NEW YORK (Reuters) - Returns on precious metal funds have posted the most sizable gains for any industry group in the last 10 years at 23.81 percent, despite showing the third worst performance for 2011, according to the latest data from Lipper released on Friday.
“Precious metals was the absolute strongest classification performer in the five- and 10-year period of all equity fund classifications,” said Tom Roseen, senior analyst at Lipper, a Thomson Reuters company that provides mutual fund data and analysis.
This week’s slide in gold prices, as investors sold off many assets for cash in the aftermath of Japan’s earthquake, and the downturn in January contributed to the group’s losses so far this year.
For the three months ended March 17, Lipper Precious Metals Funds lost 4.57 percent and fell 8.11 percent for 2011.
For the year through March 17, however, the precious metals classification returned 30.84 percent, Lipper data shows.
Annual returns have also been sizable for the precious metals fund classification during the 5- and 10-year time frame, at 14.46 percent and 23.81 percent, respectively.
“Precious metals have had a very good run. It’s hard to ignore that they had a phenomenal run,” said Roseen.
Even three-year returns, though seemingly modest, were still better in the precious metals classification than most other categories, giving 9.92 percent annual gains. The period captures the sharpest downturn of the recent recession.
“It includes 2008, which was a horrible year, one of the worst years we had since the great depression. It impacted three-year returns for a whole bunch of folks. Some funds were down over 60 percent,” the analyst said.
Roseen added a warning note. While precious metals have been one of the strongest performers, he advised using caution, as prices can fall quickly.
Most mutual funds in Lipper’s precious metals group invest in mining stocks rather than the metal, with Barrick Gold Corp (ABX.TO), Newcrest Mining Ltd (NCM.AX) and Kinross Gold (K.TO) the mostly widely held.
“When you get down to brass tacks, it really is the miners they’re invested in, not the physical metal,” said Roseen.
Prices of mining shares often closely track the metal price, however, especially now that large mining companies are no longer hedging their metal positions forward.
The precious metals category is the largest classification in Lipper’s sector equity funds grouping, outweighing real estate, science and technology, and even commodity funds.

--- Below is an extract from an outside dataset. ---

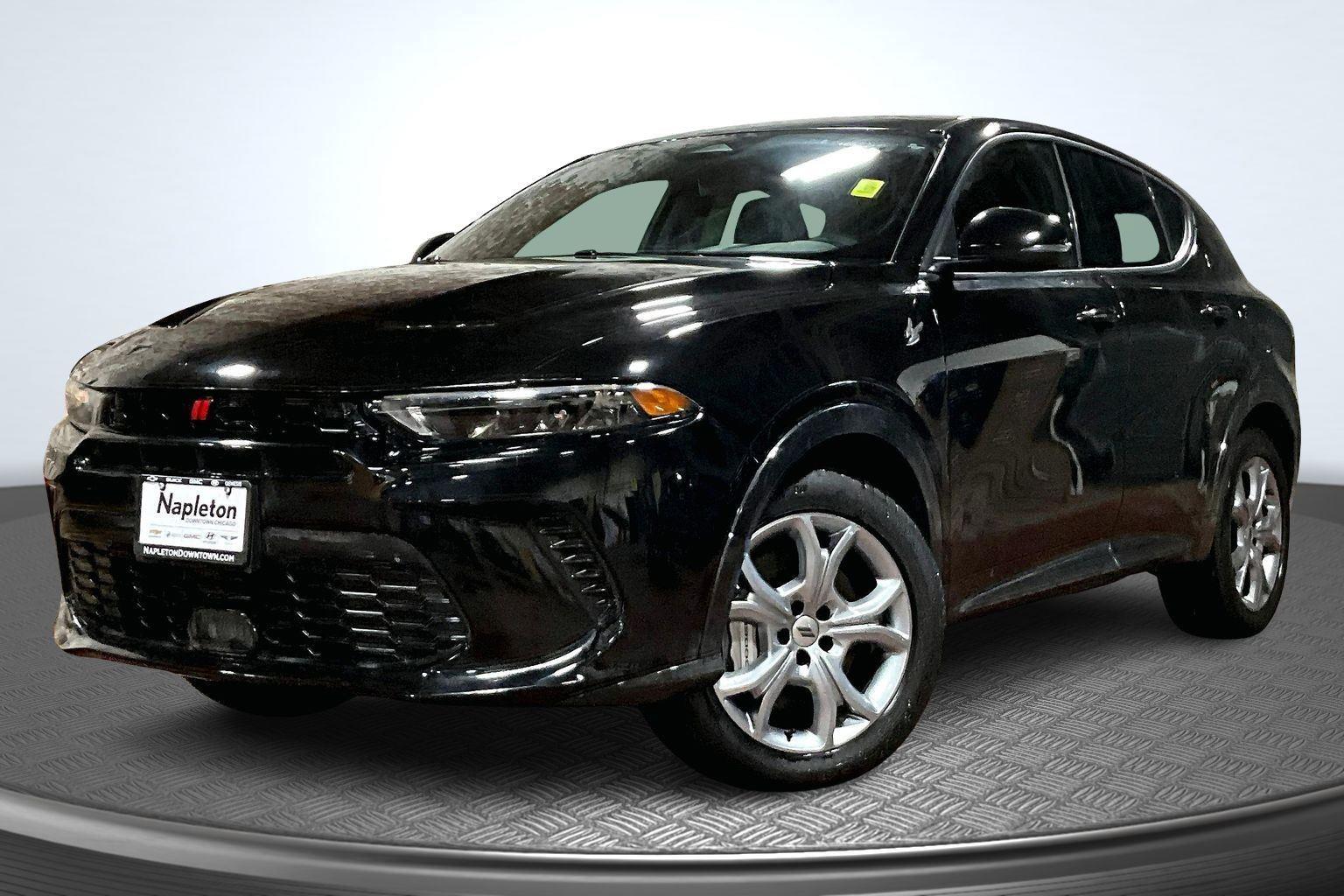 2024 Dodge Hornet R/T's photo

A breakdown of the latest monthly data for February shows that mutual funds and exchange-traded funds, or ETFs, invest differently in commodities and precious metal funds.

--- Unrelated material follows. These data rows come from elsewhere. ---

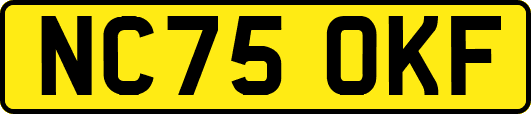 NC75OKF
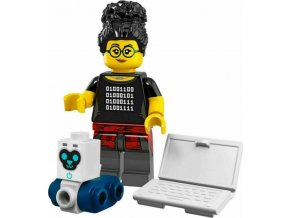 LEGO® 71025 Minifigurka Programátorka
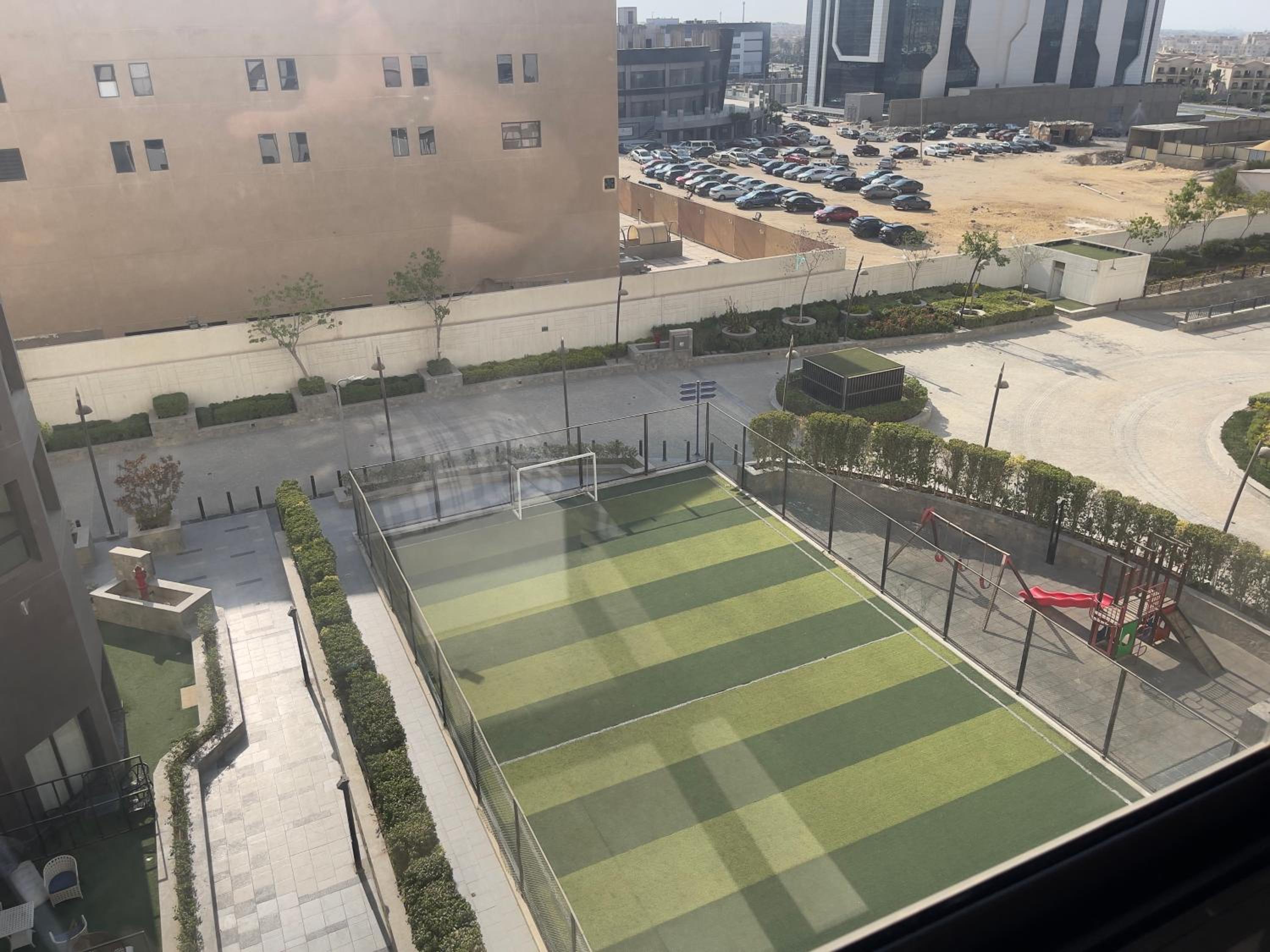 Happy Vacation Duplex, New Cairo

Generally, investors prefer using ETFs for precious metals, not commodities. While the mutual fund industry tends to invest in the miners, ETFs favor the metal itself.
“I think that’s why we’re seeing a move for people to put more money into the ETFs than into mutual funds,” said Roseen.
At the same time, investors seem to be using mutual funds for exposure to commodities overall, because they are unfamiliar with specific demand fundamentals.
Commodity funds tend to use futures contracts or a physical material, like energy, metals or grains, but not equities.
One-year inflows have been strong through February 28, with mutual funds pouring $15.74 billion into commodity funds compared with ETF inflows of $4.76 billion in the same period.
Combined mutual fund and ETF investment into commodity funds hit $20.5 billion over the last year. Commodities made up close to 75 percent of net new money coming into the mutual fund arena. Precious metals were the second biggest draw.